A solvable model of learning generative diffusion: theory and insights
Hugo Cui, Cengiz Pehlevan, Yue M. Lu
TL;DR
The paper develops a solvable model for learning generative diffusion through a two-layer denoising autoencoder trained with online SGD, targeting high-dimensional densities with low-dimensional manifolds. It derives a tight, two-tier asymptotic description: first, deterministic ODEs for low-dimensional weight-summary statistics that capture learning dynamics; second, a reduced, low-dimensional transport SDE describing how generated samples evolve, with a fixed-projection corollary.
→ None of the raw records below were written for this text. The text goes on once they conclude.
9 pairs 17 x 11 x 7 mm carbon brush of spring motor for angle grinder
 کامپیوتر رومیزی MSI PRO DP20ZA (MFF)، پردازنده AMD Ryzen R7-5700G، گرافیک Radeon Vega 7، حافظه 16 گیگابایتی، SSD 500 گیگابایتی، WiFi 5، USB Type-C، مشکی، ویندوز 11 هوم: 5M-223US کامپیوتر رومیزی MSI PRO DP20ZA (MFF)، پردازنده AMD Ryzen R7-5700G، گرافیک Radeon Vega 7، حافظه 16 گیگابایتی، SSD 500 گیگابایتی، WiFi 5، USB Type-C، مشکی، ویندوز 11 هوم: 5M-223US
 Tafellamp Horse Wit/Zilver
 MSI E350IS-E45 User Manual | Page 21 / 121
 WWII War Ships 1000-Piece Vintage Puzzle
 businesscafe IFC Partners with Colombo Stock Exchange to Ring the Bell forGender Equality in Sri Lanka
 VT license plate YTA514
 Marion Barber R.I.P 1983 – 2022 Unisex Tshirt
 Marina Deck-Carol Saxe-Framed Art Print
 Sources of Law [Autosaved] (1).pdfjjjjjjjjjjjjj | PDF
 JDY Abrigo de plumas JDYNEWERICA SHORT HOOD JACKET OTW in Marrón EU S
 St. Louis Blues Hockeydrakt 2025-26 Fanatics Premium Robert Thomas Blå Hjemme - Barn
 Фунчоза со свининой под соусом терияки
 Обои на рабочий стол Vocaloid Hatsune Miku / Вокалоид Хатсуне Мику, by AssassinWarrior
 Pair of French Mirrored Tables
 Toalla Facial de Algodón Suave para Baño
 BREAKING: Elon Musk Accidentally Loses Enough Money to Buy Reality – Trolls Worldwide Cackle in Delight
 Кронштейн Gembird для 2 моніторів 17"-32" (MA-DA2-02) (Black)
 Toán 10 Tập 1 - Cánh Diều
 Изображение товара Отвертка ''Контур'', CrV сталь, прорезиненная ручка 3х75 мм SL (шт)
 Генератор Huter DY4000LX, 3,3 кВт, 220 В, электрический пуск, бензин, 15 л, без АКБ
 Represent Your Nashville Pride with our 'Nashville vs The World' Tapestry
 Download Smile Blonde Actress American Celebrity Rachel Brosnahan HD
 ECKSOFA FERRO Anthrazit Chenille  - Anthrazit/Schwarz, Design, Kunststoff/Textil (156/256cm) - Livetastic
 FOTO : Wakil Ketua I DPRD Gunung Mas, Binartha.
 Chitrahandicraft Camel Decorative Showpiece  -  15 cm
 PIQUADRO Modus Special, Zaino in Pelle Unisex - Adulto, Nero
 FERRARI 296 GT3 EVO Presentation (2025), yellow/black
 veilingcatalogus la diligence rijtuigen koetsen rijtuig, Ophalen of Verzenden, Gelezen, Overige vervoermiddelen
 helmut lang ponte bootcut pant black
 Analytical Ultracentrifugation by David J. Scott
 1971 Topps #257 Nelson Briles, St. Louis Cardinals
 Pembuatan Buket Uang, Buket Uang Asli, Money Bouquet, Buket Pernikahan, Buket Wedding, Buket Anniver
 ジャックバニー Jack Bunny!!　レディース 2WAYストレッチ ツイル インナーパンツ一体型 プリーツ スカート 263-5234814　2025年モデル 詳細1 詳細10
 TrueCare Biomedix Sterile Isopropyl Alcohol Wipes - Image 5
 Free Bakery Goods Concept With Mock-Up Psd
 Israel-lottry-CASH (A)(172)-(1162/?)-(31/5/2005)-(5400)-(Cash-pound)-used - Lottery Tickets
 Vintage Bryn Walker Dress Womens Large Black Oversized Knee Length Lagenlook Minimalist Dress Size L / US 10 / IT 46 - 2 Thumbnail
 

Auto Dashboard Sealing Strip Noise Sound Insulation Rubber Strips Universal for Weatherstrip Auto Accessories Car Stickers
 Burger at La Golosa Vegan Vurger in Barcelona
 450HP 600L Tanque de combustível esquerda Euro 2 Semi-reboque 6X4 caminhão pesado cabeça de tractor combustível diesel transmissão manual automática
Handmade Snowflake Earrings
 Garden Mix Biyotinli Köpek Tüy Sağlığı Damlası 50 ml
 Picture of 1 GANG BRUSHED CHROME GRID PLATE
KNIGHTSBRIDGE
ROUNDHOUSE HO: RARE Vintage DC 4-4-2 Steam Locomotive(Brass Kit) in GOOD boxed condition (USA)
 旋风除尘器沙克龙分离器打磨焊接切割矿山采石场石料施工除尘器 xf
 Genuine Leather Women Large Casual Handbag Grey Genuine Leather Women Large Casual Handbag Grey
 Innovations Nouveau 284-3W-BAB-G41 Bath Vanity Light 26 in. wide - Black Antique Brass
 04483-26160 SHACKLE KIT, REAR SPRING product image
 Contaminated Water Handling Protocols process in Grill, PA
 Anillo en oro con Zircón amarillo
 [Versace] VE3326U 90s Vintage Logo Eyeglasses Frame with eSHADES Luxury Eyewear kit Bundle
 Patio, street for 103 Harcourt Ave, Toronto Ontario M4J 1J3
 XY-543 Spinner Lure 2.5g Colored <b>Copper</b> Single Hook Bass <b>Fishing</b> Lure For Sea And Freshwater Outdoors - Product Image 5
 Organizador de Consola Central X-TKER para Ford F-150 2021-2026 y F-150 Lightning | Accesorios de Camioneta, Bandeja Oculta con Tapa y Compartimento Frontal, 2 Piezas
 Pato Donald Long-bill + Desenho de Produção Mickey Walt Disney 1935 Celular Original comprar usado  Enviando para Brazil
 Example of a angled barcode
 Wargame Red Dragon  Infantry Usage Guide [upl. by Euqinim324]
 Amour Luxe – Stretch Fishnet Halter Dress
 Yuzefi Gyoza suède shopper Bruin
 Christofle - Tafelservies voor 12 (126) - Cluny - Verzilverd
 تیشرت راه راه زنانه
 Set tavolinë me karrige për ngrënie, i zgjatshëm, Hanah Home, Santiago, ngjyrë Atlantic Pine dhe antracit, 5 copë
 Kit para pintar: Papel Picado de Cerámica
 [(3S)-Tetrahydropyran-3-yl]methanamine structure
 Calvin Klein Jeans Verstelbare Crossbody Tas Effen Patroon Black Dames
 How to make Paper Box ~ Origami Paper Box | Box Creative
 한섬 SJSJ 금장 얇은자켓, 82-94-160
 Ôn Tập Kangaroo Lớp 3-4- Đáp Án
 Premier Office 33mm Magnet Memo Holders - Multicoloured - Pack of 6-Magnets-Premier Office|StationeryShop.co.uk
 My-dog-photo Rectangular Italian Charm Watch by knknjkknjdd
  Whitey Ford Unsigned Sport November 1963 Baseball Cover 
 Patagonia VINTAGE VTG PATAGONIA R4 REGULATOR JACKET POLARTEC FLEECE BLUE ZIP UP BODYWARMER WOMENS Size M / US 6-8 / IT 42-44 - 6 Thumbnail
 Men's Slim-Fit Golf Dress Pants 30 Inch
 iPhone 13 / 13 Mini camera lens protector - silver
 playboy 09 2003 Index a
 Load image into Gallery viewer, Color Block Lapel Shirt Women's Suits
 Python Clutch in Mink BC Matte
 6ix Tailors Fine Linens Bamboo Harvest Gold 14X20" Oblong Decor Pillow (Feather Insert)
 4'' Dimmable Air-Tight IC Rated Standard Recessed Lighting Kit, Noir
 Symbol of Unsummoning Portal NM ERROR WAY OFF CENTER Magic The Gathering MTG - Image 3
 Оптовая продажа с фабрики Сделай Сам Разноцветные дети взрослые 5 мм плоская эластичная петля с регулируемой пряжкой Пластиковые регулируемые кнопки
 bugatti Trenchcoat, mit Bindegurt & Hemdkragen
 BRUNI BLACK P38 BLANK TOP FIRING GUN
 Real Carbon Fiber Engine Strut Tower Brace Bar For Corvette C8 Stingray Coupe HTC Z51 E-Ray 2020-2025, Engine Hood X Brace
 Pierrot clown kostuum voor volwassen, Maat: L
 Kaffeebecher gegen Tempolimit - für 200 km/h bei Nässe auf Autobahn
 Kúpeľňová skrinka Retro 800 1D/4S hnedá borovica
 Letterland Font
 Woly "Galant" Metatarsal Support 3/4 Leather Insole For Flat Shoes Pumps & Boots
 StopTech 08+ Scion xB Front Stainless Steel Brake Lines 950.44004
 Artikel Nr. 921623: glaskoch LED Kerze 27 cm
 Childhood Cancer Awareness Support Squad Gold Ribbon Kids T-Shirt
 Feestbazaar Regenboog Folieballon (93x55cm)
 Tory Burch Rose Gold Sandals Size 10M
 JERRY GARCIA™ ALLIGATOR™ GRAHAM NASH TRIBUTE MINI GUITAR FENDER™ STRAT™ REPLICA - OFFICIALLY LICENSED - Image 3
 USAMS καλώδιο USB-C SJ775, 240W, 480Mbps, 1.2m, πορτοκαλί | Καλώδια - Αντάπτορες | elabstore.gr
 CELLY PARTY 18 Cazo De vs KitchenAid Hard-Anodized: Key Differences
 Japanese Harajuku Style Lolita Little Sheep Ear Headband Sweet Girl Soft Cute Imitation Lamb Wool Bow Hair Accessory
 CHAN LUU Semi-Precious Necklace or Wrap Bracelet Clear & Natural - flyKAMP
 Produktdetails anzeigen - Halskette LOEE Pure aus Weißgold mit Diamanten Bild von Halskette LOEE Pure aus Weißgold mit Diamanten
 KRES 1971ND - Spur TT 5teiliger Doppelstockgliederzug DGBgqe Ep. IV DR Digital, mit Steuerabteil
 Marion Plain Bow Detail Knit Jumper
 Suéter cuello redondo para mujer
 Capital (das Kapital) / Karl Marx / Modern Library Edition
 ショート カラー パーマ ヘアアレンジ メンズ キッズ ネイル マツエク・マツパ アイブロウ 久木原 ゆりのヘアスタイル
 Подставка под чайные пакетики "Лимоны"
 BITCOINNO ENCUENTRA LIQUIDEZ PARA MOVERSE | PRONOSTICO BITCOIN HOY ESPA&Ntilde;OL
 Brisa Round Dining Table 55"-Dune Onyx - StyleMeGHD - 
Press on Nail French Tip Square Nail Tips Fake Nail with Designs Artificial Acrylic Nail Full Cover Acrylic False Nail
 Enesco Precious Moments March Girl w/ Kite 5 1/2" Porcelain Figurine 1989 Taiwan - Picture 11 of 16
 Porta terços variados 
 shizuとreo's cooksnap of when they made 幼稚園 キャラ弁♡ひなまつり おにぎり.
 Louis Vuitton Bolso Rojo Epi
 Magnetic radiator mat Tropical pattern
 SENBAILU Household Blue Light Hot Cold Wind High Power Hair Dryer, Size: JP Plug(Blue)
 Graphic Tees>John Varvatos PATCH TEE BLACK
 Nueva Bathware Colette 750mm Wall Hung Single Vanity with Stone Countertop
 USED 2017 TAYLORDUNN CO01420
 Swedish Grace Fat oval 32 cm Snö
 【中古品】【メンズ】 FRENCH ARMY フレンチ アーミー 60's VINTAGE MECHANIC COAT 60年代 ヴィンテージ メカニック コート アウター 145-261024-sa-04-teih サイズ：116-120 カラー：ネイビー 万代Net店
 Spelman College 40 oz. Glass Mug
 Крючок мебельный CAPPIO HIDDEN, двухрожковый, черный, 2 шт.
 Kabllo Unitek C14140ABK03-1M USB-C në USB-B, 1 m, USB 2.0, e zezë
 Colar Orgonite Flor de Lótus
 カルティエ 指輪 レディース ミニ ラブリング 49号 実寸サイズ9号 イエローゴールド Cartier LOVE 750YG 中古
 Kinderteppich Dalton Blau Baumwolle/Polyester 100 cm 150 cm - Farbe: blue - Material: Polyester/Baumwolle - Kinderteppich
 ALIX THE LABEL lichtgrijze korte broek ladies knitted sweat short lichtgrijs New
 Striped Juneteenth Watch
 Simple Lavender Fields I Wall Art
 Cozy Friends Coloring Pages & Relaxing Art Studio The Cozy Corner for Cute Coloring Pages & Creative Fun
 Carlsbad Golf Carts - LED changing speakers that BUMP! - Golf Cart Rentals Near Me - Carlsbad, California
This yields sharp, interpretable characterizations of low-dimensional projections of the generated density and illuminates training-time evolution, including realistic targets like Gaussian mixtures and MNIST. The study reveals architectural biases in the DAE that can cause mode collapse and, if synthetic data are reused, model collapse, underscoring the critical role of network design in diffusion-based generative modeling and its implications for reuse of generated data.
Abstract
In this manuscript, we consider the problem of learning a flow or diffusion-based generative model parametrized by a two-layer auto-encoder, trained with online stochastic gradient descent, on a high-dimensional target density with an underlying low-dimensional manifold structure. We derive a tight asymptotic characterization of low-dimensional projections of the distribution of samples generated by the learned model, ascertaining in particular its dependence on the number of training samples. Building on this analysis, we discuss how mode collapse can arise, and lead to model collapse when the generative model is re-trained on generated synthetic data.